For more than 100 years, busy days have begun at E Pellici, at 332 Bethnal Green Road in the East End, and we can think of no better place to start ours than in this honeyed art-deco-style Anglo-Italian cafe. If possible we'll take a seat at the rear by the serving hatch and enjoy breakfast with the accompanying back-and-forth banter between customers and staff.
From here we walk to Liverpool Street, we catch the 214 bus to Camden Town, and head to Regent's Park (royalparks.org.uk/parks/the-regents-park), entering at Gloucester Gate. Our goal is Queen Mary's Gardens, with its fragrant, formal rose plantings, the varieties named after dimly remembered actors and newscasters. Beyond this lies a lake well-supplied with ducks and swans, and a gently cascading waterfall, at the summit of which are conveniently placed benches, a tranquil resting place with a watery soundtrack.
Our next stop is The Wallace Collection (wallacecollection.org), just across the arterial Marylebone Road. This grand 18th-century house is home to a wonderful art collection, among which is Frans Hals's The Laughing Cavalier, whose grin we always find disconcerting. Despite its location, The Wallace Collection is rarely overly busy, and to prowl its quiet corridors lined with suits of armour has a frisson of trespassing.
We are hungry again, so head to Paul Rothe & Son at 35 Marylebone Lane). This tiny little cafe feels something like a village shop, its shelves full of biscuit tins and preserves. It is an old-fashioned, courteous place, where your simple egg and cress sandwich will be cut into four and brought to your table.
Then it's onward to Hyde Park (royalparks.org.uk/parks/hyde-park): probably the least painful route is up Wigmore Street and via a subway. It is not a glorious entrance, but the park itself is, and warrants dawdling and dilly-dallying. We head vaguely for the Serpentine, veering east into Kensington Gardens and to the Albert Memorial, which gleams magnificently whatever the weather.

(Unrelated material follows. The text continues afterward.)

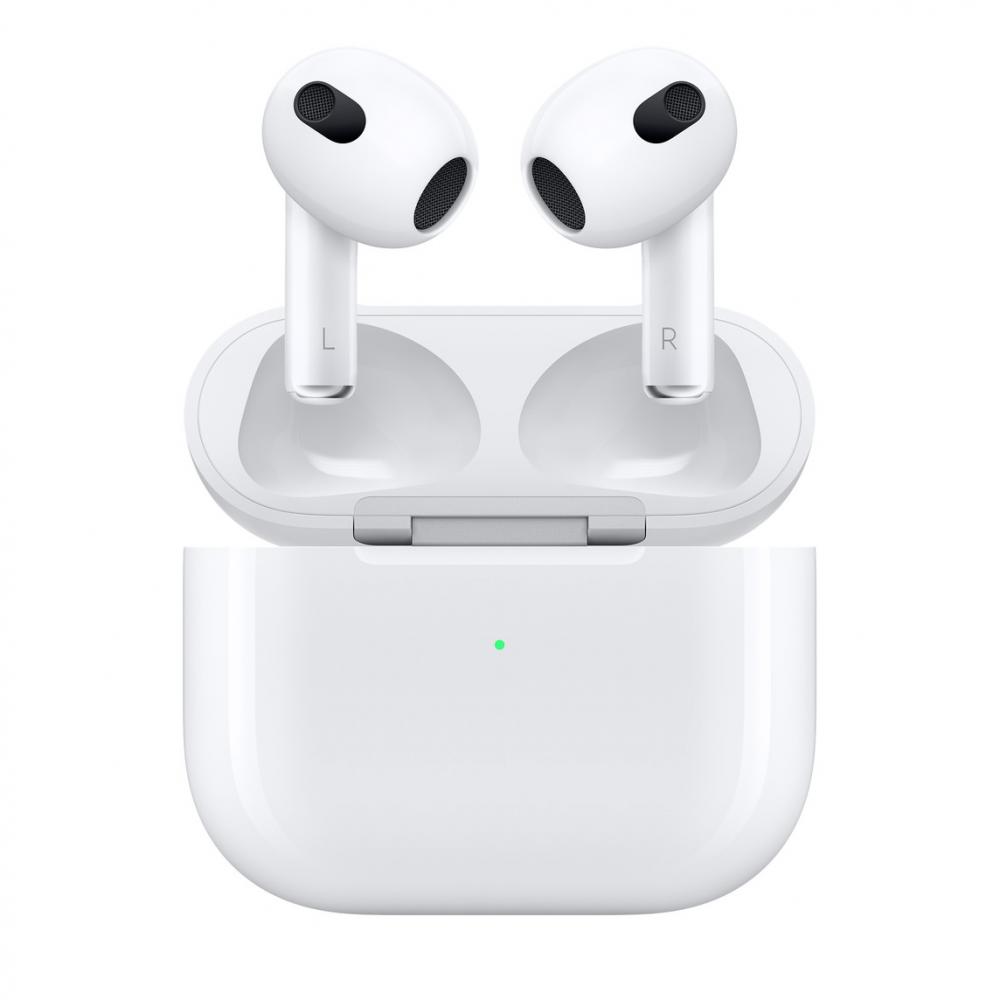 AirPods 第3世代 A2565 16OT1.jpg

It is a short ride on the number 9 bus from here, Kensington Gore, to 99 Kensington High Street and the entrance to the Roof Gardens (roofgardens.virgin.com). At the summit of what was the Derry & Toms building, and also home to the ill-fated big Biba, are a series of three gardens – Moorish, Tudor and English Woodland, through which, incongruously, pink flamingos totter. There's a restaurant here, for which you are advised to book, but it's possible to come just to see the gardens, provided no private events are booked. From this vantage point you can look west and back east over the day's sights.